Aim of the task |
Beneath this sentence is a listing. Return its lines from the one containing "We are finally" through the last, exactly, and omit the pictures.

Recorded information |
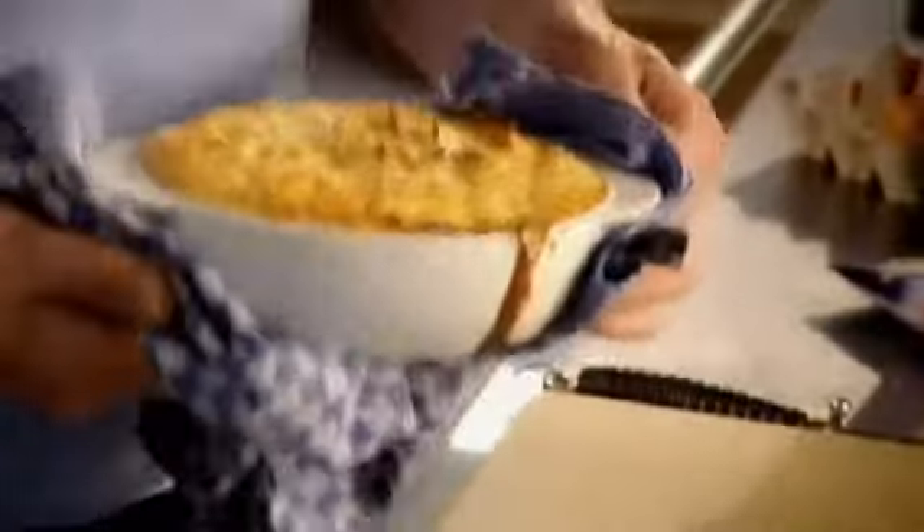Good old-fashioned tip — just to keep my mother happy. Fork the top. 18 to 20 minutes in the oven. Beautiful. There — a crispy topping. You can see why that deserves to be a great British classic. Shepherd's Pie.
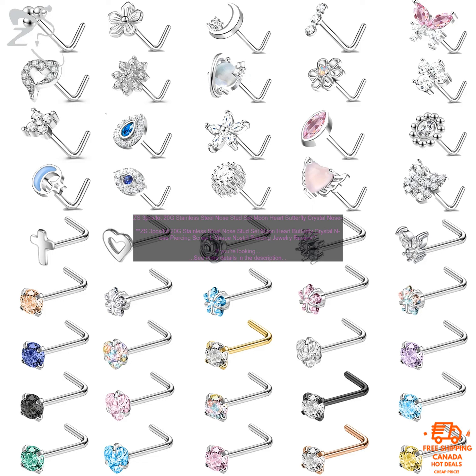Overall, I'm really happy with these ZS3PC's Lot 20G Stainless Steel Nose Stud Set Moon Heart Butterfly Crystal Nose Piercing Screw L-Shape Nostril Piercing Jewelry. They're stylish, comfortable, and affordable. I would definitely recommend them to anyone looking for a new nose piercing.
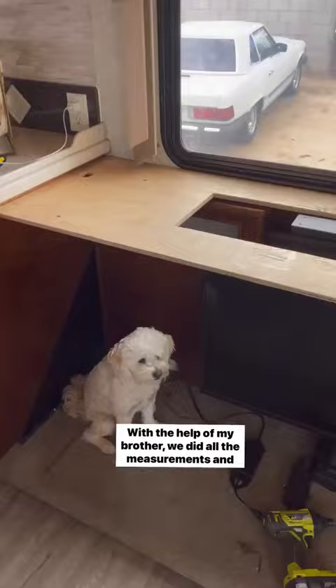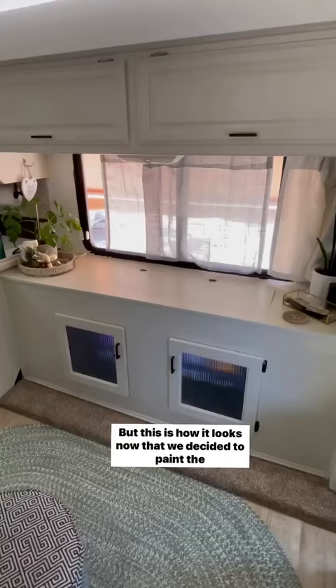At the time, we stained it to match the color of the cabinets. But this is how it looks now that we decided to paint the whole entire RV. Absolutely beautiful and it's one of my favorite parts of the RV.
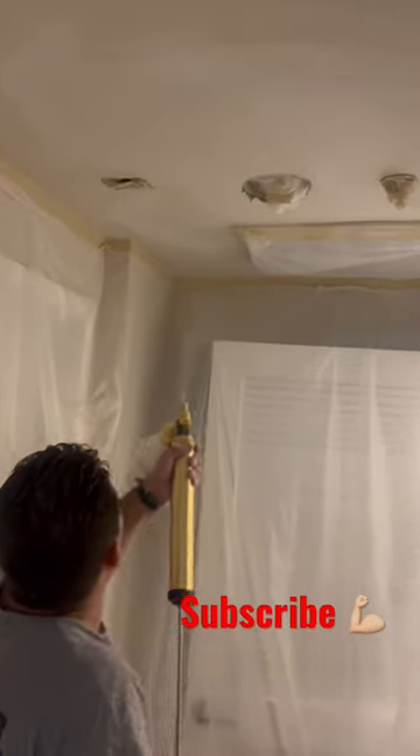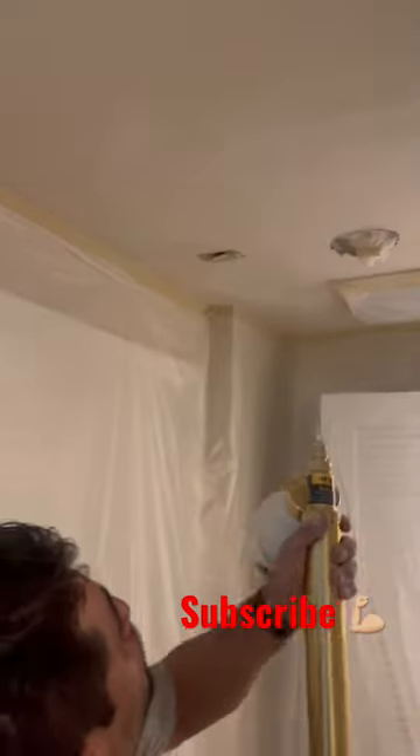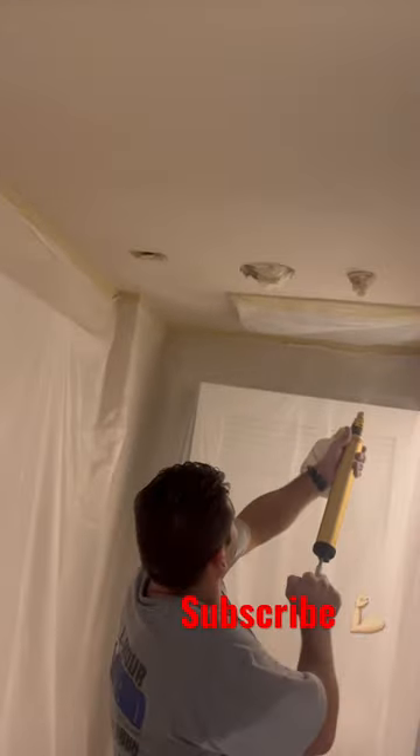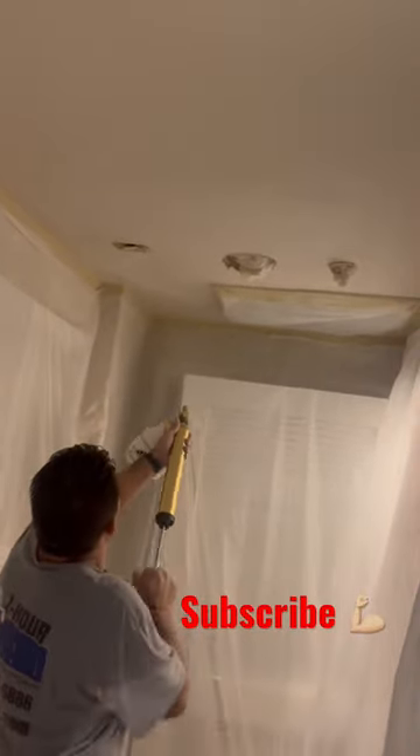We are finally testing the LACO hand pump texture gun. I'm impressed with this hand pump — it's really amazing. It's a little bit pricey, but honestly it's worth it.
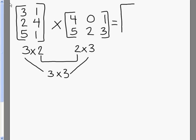When multiplying matrices, you want to multiply rows and columns. So we're going to take the first row in the first matrix and multiply it by the first column in the second matrix. Our first number is 3 times 4, which is 12, plus 1 times 5, which is 5, and we set that equal to 17.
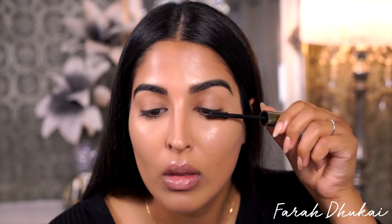For mascara, I'm using the Urban Decay Troublemaker Mascara, which is just gonna give me a natural lash look. It's gonna make them long, flutter them out — it's perfect for every day.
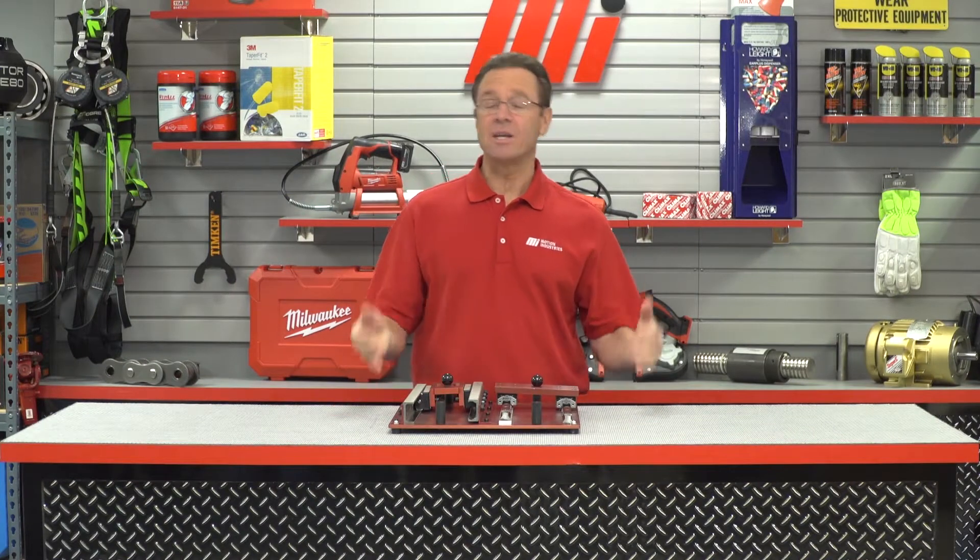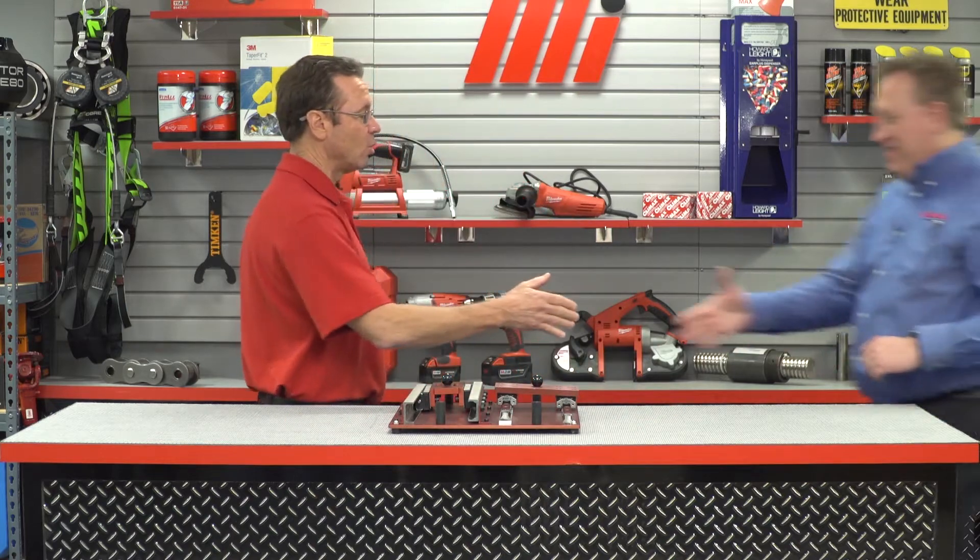Hello and welcome to another MI How To video. My name is Tom Clark, I am your host, and on today's How To, we want to welcome Andrew Allendorf. He is with the Roll-On Corporation.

Response area |
We are finally testing the LACO hand pump texture gun. I'm impressed with this hand pump — it's really amazing. It's a little bit pricey, but honestly it's worth it.
When multiplying matrices, you want to multiply rows and columns. So we're going to take the first row in the first matrix and multiply it by the first column in the second matrix. Our first number is 3 times 4, which is 12, plus 1 times 5, which is 5, and we set that equal to 17.
For mascara, I'm using the Urban Decay Troublemaker Mascara, which is just gonna give me a natural lash look. It's gonna make them long, flutter them out — it's perfect for every day.
Hello and welcome to another MI How To video. My name is Tom Clark, I am your host, and on today's How To, we want to welcome Andrew Allendorf. He is with the Roll-On Corporation.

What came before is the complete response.